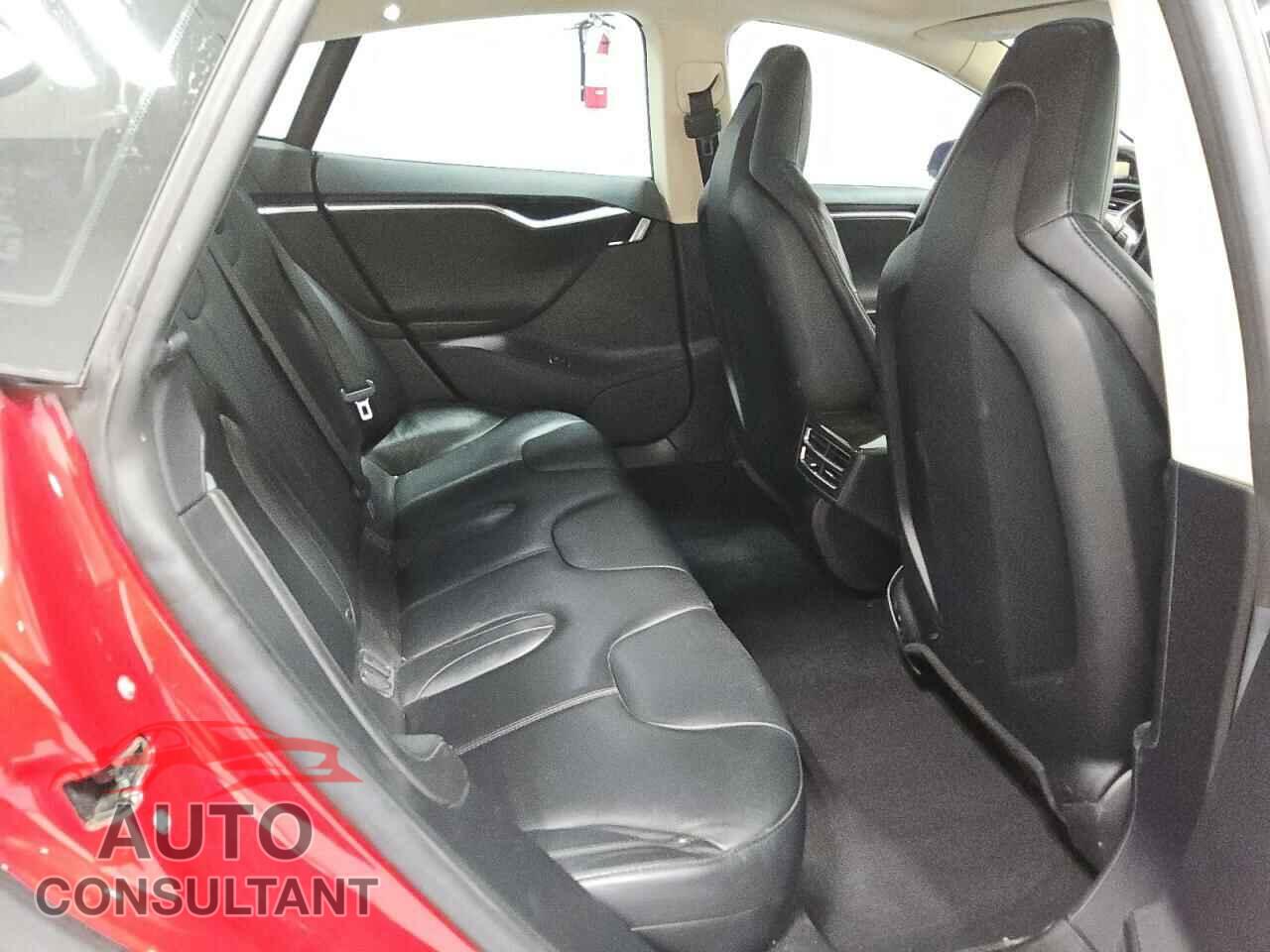 TESLA MODEL S 2013 - 5YJSA1DN0DFP08368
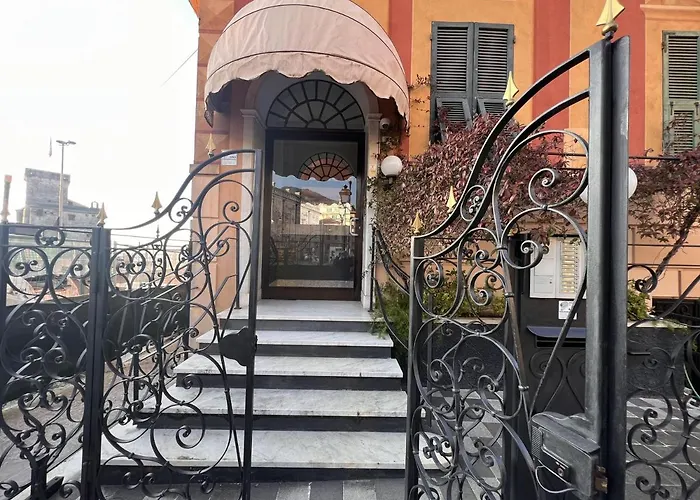 Welcome Riviera - Al Castello-vista Mare -romantico E A 20 Metri Dal Mare-toll Parking At 15 Euro Per Day To Be Booked In Advance -subject To Availability ראפאלו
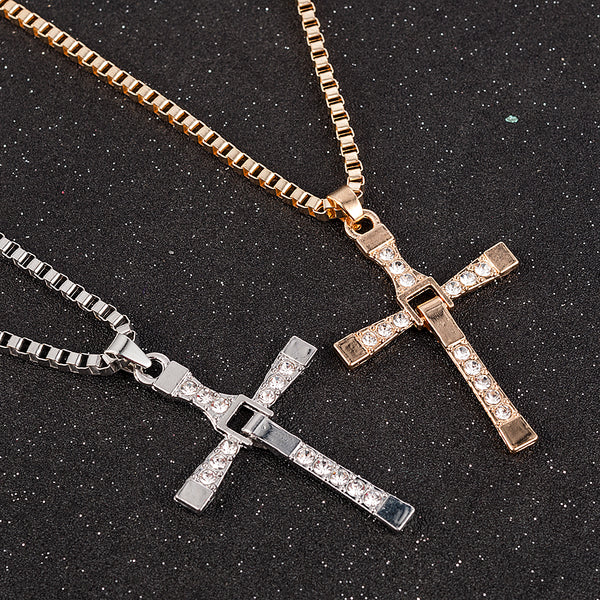 Kette mit Kreuz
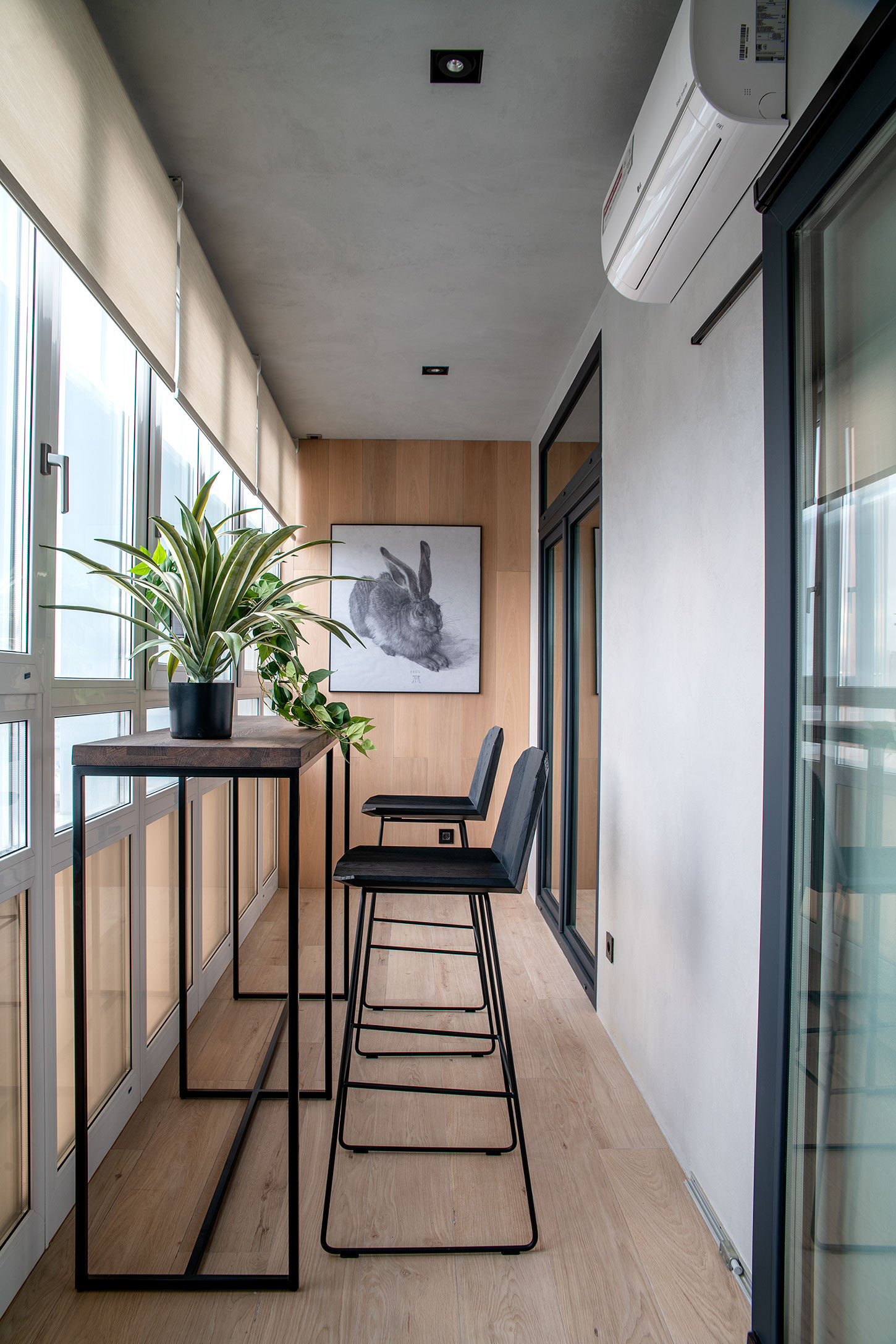 Houzz тур: Интерьер с шестью спрятанными монолитными колоннами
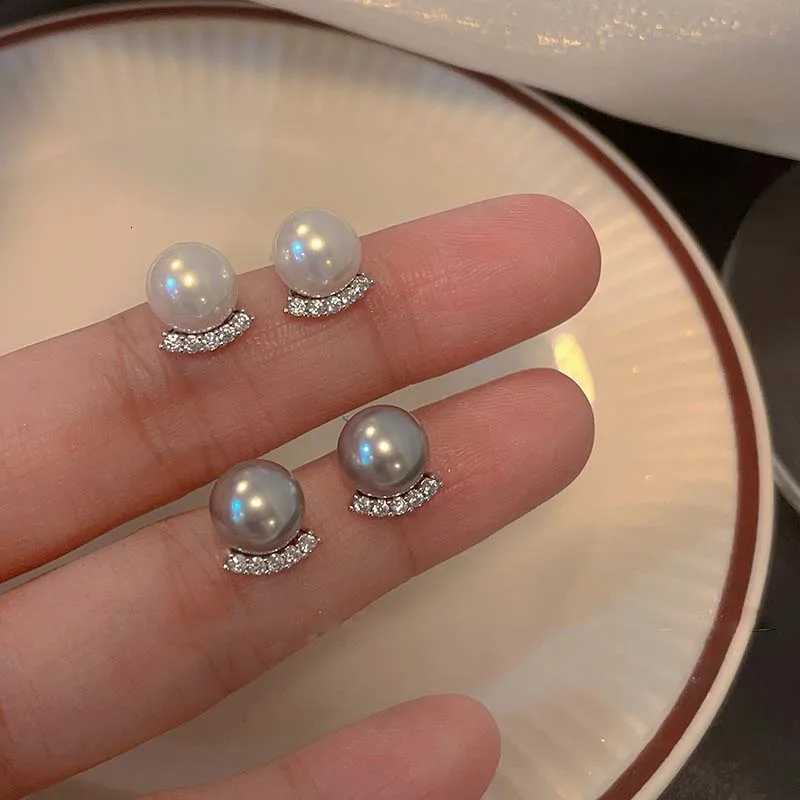 Vintage Silver Color Zircon Pearl Stud Earring for Women Exquisite Simple Round Temperament Earrings Wedding Bridal Jewelry Gift Y250804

-=-=-

■ EXERCISE PROMPT ■
Once the pictures are set aside, output the whole listing exactly.

■ RESULT BELOW ■
 TESLA MODEL S 2013 - 5YJSA1DN0DFP08368
 Welcome Riviera - Al Castello-vista Mare -romantico E A 20 Metri Dal Mare-toll Parking At 15 Euro Per Day To Be Booked In Advance -subject To Availability ראפאלו
 Kette mit Kreuz
 Houzz тур: Интерьер с шестью спрятанными монолитными колоннами
 Vintage Silver Color Zircon Pearl Stud Earring for Women Exquisite Simple Round Temperament Earrings Wedding Bridal Jewelry Gift Y250804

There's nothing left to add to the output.